The NFL is coming to grips with a ghost that has haunted it since audiences became civilized.
Concussion. Inflicted more often when football helmets designed to prevent that very thing collide with 200-pound men propelling them at top speed. Part of the "problem" stems from the follow-up nature of modern sports reporting. Readers find out nowadays what really happened to large men carted off the field on stretchers. There's a story that next day, and the next -- an explanation of why so-and-so isn't in the lineup anymore.
The powers that be are about to decide that victims must be punished, that somehow the game must be "gentled." In other words, the viciousness of the "sport" must be tempered. A few veterans who have endured concussion and find they cannot accurately recall childhood events will agree. Something was "lost" in the transaction.

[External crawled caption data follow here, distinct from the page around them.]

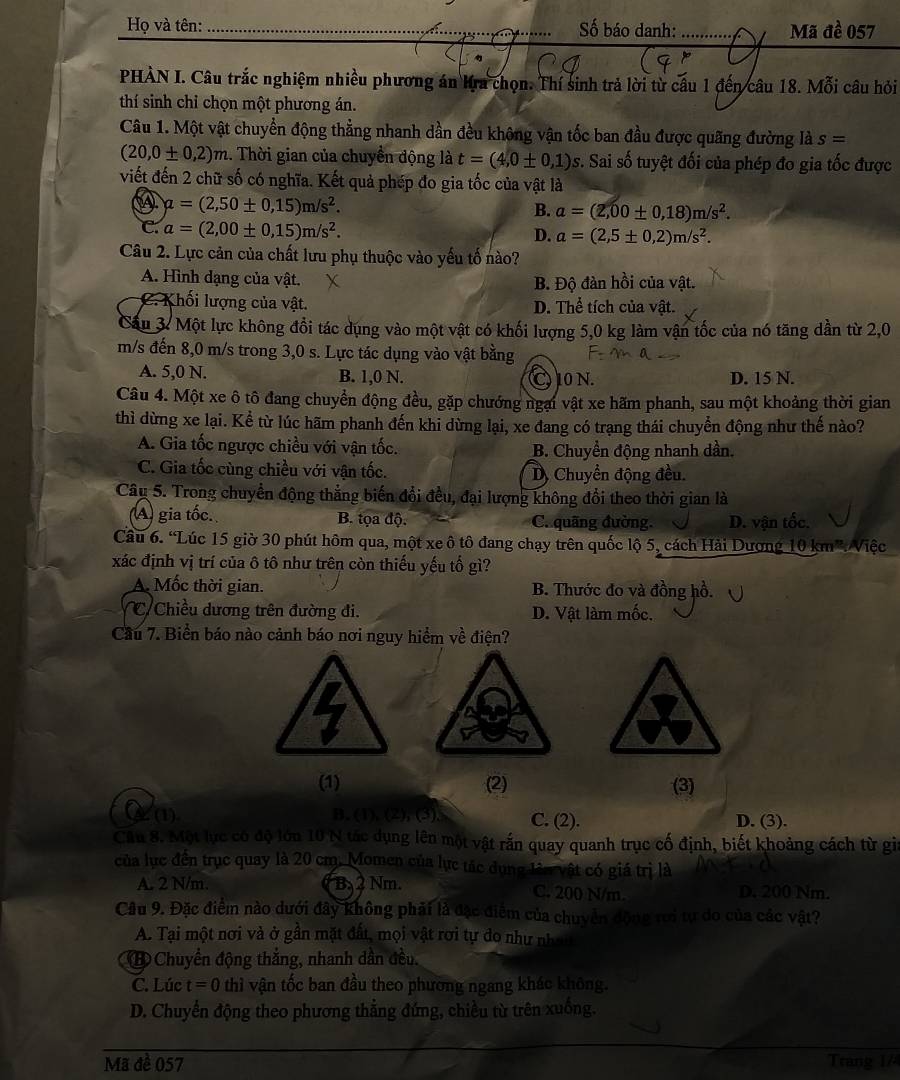Họ và tên:_ Số báo danh:_ Mã đề 057
..…...
PHÀN I. Câu trắc nghiệm nhiều phương án Kra chọn. Thí sinh trả lời từ cầu 1 đến câu 18. Mỗi câu hỏi
thí sinh chỉ chọn một phương án.
Câu 1. Một vật chuyển động thẳng nhanh dần đều không vận tốc ban đầu được quãng đường là s=
(20,0± 0,2)m.. Thời gian của chuyền động là t=(4,0± 0,1) 1 s. Sai số tuyệt đối của phép đo gia tốc được
viết đến 2 chữ số có nghĩa. Kết quả phép đo gia tốc của vật là
a=(2,50± 0,15)m/s^2.
B. a=(2,00± 0,18)m/s^2.
C. a=(2,00± 0,15)m/s^2.
D. a=(2,5± 0,2)m/s^2.
Câu 2. Lực cản của chất lưu phụ thuộc vào yếu tố nào?
A. Hình dạng của vật. B. Độ đàn hồi của vật.
C. Khối lượng của vật. D. Thể tích của vật.
Cầu 3. Một lực không đổi tác dụng vào một vật có khối lượng 5,0 kg làm vận tốc của nó tăng dần từ 2,0
m/s đến 8,0 m/s trong 3,0 s. Lực tác dụng vào vật bằng
A. 5,0 N. B. 1,0 N. C 10 N. D. 15 N.
Câu 4. Một xe ô tô đang chuyển động đều, gặp chướng ngại vật xe hãm phanh, sau một khoảng thời gian
thì dừng xe lại. Kể từ lúc hãm phanh đến khi dừng lại, xe đang có trạng thái chuyển động như thế nào?
A. Gia tốc ngược chiều với vận tốc. B. Chuyển động nhanh dần.
C. Gia tốc cùng chiều với vận tốc. D, Chuyển động đều.
Câu 5. Trong chuyển động thẳng biến đổi đều, đại lượng không đổi theo thời gian là
(A) gia tốc. B. tọa độ. C. quãng đường. D. vận tốc.
Cầu 6. “Lúc 15 giờ 30 phút hôm qua, một xe ô tô đang chạy trên quốc lộ 5, cách Hải Dương 10 km':Việc
xác định vị trí của ô tô như trên còn thiếu yếu tổ gì?
A Mốc thời gian. B. Thước đo và đồng hồ.
Chiều dương trên đường đi. D. Vật làm mốc.
Cầu 7. Biển báo nào cảnh báo nơi nguy hiểm về điện?
I
(1) (2) (3)
(1) B. (1), (2), (3), C. (2). D. (3).
Câu 8. Một lục có độ lớn 10 N tác dụng lên một vật rấn quay quanh trục cố định, biết khoảng cách từ gi
của lục đến trục quay là 20 cm. Momen của lực tác dụng lêu vật có giá trị là
A. 2 N/m. Ba2 Nm. C. 200 N/m. D. 200 Nm.
Câu 9. Đặc điểm nào dưới đây không phải là đặc điểm của chuyển động rưi tự do của các vật?
A. Tại một nơi và ở gần mặt đất, mọi vật rơi tự do như nhan
⑧ Chuyển động thắng, nhanh dần đều.
C. Lúc t=0 thì vận tốc ban đầu theo phương ngang khác không.
D. Chuyển động theo phương thẳng đứng, chiều từ trên xuống.
Mã đề 057 Trang 1/4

There is a simple solution, harkening back to the beginning days of "play." Beginning children were not required to "tackle" in the modern sense: two hands below the waist would do. It was called "touch football." Blocking and the rest of it were allowed, but a "touch" was enough. Many male progenitors could hardly wait until junior was in full regalia and ready to "hit" someone. Many more looked away when junior was slow getting up.
There was a Butte High School field that was covered with mine tailings, grass being a reluctant cover. Merely falling on it could cause damage.
But we pressed on. How many minds were damaged over the years? For every "Whizzer" White, there must have been a hundred street sweepers.
So we are about to return to a form of adult touch football. Have we lost our guts? Or have we regained our senses?